Cylinder-to-cylinder variations in combustion associated with air-fuel ratio imbalances may occur in engines for various reasons. For example, cylinder-to-cylinder air-fuel ratio imbalances may occur due to cylinder-to-cylinder variation in intake valve depositions, plugged exhaust gas recirculation (EGR) orifices, electrical issues, air leaks, and/or shifted fuel injectors. When an air-fuel ratio imbalance occurs in one or more cylinders, engine performance is degraded. In addition, an engine may not be able to maintain emissions compliance and fuel economy may be reduced.
One example approach for detecting air-fuel ratio imbalance is shown by Javaherian in U.S. Pat. No. 6,668,812. Therein, a time sequential series of signals are collected from an exhaust oxygen sensor over at least one engine cycle at current engine speed and load conditions, and the series of signals are converted by discrete Fourier transformation to a vector of air-fuel ratio imbalances at a specified frequency. The vector is then projected onto two fuel imbalance reference vectors of known magnitude and phase corresponding to the discrete Fourier transform of two nominal fuel imbalance patterns for the current engine speed and load. The reference vectors are previously calibrated and stored in the memory of an engine controller. An air-fuel imbalance in a cylinder is detected based on deviation of the sampled vector from the reference vector.
However, the inventors herein have recognized a potential issue with such systems. Detecting air-fuel imbalances using the method of U.S. Pat. No. 6,668,812 may be time, cost, and computation intensive due to the presence of high sampling rates and the complexity of the required vector transformation. In particular, the reliance on Fast Fourier Transformation (FFT) can result in delays in detecting and addressing air-fuel ratio imbalances.

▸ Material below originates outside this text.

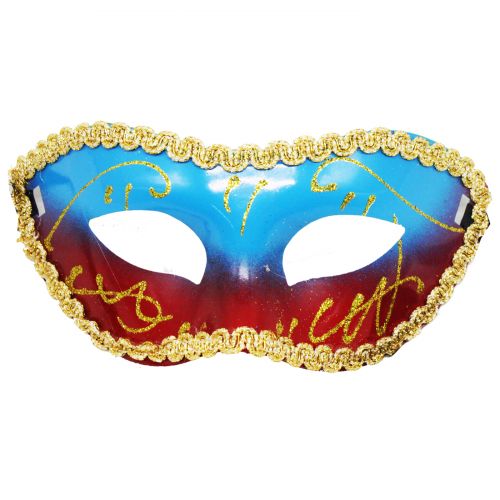 Карнавальная маска с кружевом, голубая с красным (MiC)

The inventors herein have recognized the above issues and identified an approach to at least partly address the above issues. In one example, the issues described above may be addressed by a method for normalizing engine speed content at a selected frequency with respect to variations in a crankshaft angle by sampling engine speed synchronous with engine firing events, processing sampled engine speeds using a Notch filter at the selected frequency, and identifying a cylinder imbalance based on the normalized sampled signal. In this way, analysis in a frequency domain of sampled engine speed values can be done using a Notch filter, simplifying detection of cylinder imbalance, without compromising the reliability of results.
As one example, a sequential series of sampled engine speed values may be collected within an engine cycle of an engine wherein all the cylinders are aimed to be controlled at stoichiometry. The sampled values may then be filtered using a discrete Notch filter set to a frequency of once per engine cycle. Additionally, before processing the sampled values with a notch filter, the samples values may be normalized with respect to variations in crankshaft angle and stored in the memory of an engine controller. Therein, engine speed signals are sampled during the power stroke of each firing cylinder and the estimated acceleration is normalized based on the torque of each cylinder by scaling based on deviation of spark timing from MBT spark. In order to detect presence of an air/fuel imbalance in an engine cylinder, engine speed content may be sampled at multiple points within an engine firing event. The sampling frequency may be adjusted based on the engine configuration and cylinder firing frequency, and in one example is an integer multiple of engine firing frequency. The sampled data is then processed using a discrete Notch filter set to the sampling frequency and with values to cancel a once per engine cycle frequency to obtain a frequency domain characterization of engine speed. The Notch filter output is deducted from the original signal. The processed output magnitude is then compared to a threshold. Based on the magnitude relative to the threshold, the presence of a cylinder imbalance may be determined. In addition, a degree of imbalance and a directionality of the imbalance (that is, whether the imbalance is richer or leaner than stoichiometry) may also be determined based on the magnitude and phase of the processed output. Engine parameters may then be adjusted to reduce the imbalance. For example, fueling of the imbalanced cylinder may be adjusted to correct for the imbalance.
In this way, cylinder-to-cylinder variations in air/fuel ratio may be monitored. The technical effect of applying a discrete Notch filter for frequency domain characterization of engine speed content is that air/fuel ratio imbalances may be detected using faster and simpler processing methods. In particular, the need for complex, time and computation intensive processing methods, such as Fourier transformation, is reduced, without reducing the accuracy of air/fuel ratio imbalance detection. Overall, by identifying air/fuel imbalance of a cylinder with higher reliability, emissions may be reduced and engine performance may be enhanced.
It should be understood that the summary above is provided to introduce in simplified form a selection of concepts that are further described in the detailed description. It is not meant to identify key or essential features of the claimed subject matter, the scope of which is defined uniquely by the claims that follow the detailed description. Furthermore, the claimed subject matter is not limited to implementations that solve any disadvantages noted above or in any part of this disclosure.